Objectives: Using primary human skeletal muscle cells (pHSMC) from affected FSHD patients, we evaluated apabetalone’s ability to epigenetically repress DUX4 gene expression and counter its downstream effects on mediators of FSHD pathology.

Methods: We applied RNA-sequencing (RNA-seq) and bioinformatic analysis to categorize treatment-associated impacts on the transcriptome. We compared the effects of apabetalone’s BD2 selective BET inhibition with the pan BET inhibitor JQ1, and losmapimod – a p38 mitogen-activated protein kinase (MAPK) inhibitor and DUX4 transcriptional repressor.

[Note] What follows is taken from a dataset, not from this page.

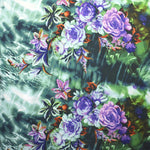 Tela Estampada Satén Bouquets Lila - Ribes y Casals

Results: BETi downregulated expression of DUX4 downstream markers, including ZSCAN4, MBD3L2, and TRIM43. Pan BET inhibition by JQ1 detrimentally suppressed muscle cell differentiation and significantly induced apoptosis. In contrast, BD2-selective BET inhibition by apabetalone preserved differentiation and viability. Pathway analysis showed that BET inhibitors reversed DUX4-mediated gene expression in pathways of metabolism and cell death. Treatment with losmapimod altered different FSHD-associated pathways (including some linked to transcription and intracellular adhesion).

Conclusions: Apabetalone dose-dependently inhibits expression of DUX4 target genes and reverses transcriptional activity that contributes to FSHD pathology in pHSMC. No effects on myotube differentiation or apoptosis illustrated the preferential safety profile of BD2-selective apabetalone versus pan BETi. This, coupled with its established clinical safety record, makes apabetalone a promising candidate therapeutic for FSHD.